More than a decade ago, math­e­matics pro­fessor Valerio Toledano Laredo was puz­zling over the rela­tion­ship between the sym­me­tries of macro­scopic and micro­scopic sys­tems when he dis­cov­ered a brand new set of dif­fer­en­tial equa­tions. Toledano Laredo named them the Casimir equa­tions in honor of the physi­cist Hen­drick Casimir, who, in the 1930s, dis­cov­ered a key ingre­dient in their construction.

Toledano Laredo recently received a grant from the National Sci­ence Foun­da­tion to con­tinue exploring the Casimir equa­tions’ unex­pected prop­er­ties. Since their dis­covery, the equa­tions have been turning up in the far­thest cor­ners of math­e­matics — from rep­re­sen­ta­tion theory (the math­e­mat­ical study of sym­metry), to analysis (the field of cal­culus) and alge­braic geometry.

They are also rel­e­vant to both string theory, which seeks to unify Einstein’s theory of gen­eral rel­a­tivity with quantum physics, and sta­tis­tical mechanics, which explores large assem­blies of small par­ti­cles such as mol­e­cules in a gas or pho­tons in a laser beam.

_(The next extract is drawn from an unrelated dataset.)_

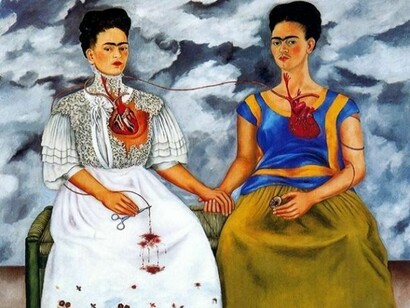 Frida Kahlo, Las Dos Fridas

The Casimir equa­tions also govern a phe­nom­enon in alge­braic geom­etry known as wall-​​crossing, wherein slight vari­a­tions in the equa­tions gov­erning the shape of a curve or a sur­face cause it to dra­mat­i­cally morph—like a bubble pop­ping off the sur­face of the bath­water and drifting away.

Toledano Laredo said he and his stu­dents have grad­u­ally begun to under­stand these mul­ti­fac­eted equa­tions better. Building on work from a pre­vious NSF col­lab­o­ra­tive grant with researchers at Brown, Columbia and MIT, Toledano Laredo will explore in par­tic­ular a prop­erty that he dis­cov­ered in con­junc­tion with Columbia Uni­ver­sity assis­tant pro­fessor Sachin Gautam, who grad­u­ated from North­eastern in 2011 under Toledano Laredo.

“The equa­tions seem to exist in more and more sophis­ti­cated guises that are arranged like the rungs of a ladder,” said Toledano Laredo.

One com­po­nent of the new project will involve studying the equa­tions on the higher rungs. A second com­po­nent of the project is a spin-​​off from the first and has taken on a life of its own. As Toledano Laredo put it, “It is con­cerned with exactly under­standing the rela­tion between the rungs.”

Sur­pris­ingly, the less sophis­ti­cated equations—those on the lower rungs—seem to con­tain all the tools nec­es­sary to under­stand the more sophis­ti­cated ones, he explained. “People know very well how to go up the ladder and think that what’s below is actu­ally sim­pler,” he said. But as he and Gautam have shown, this is not actu­ally the case. The new grant will allow Toledano Laredo to probe that fact in greater depth.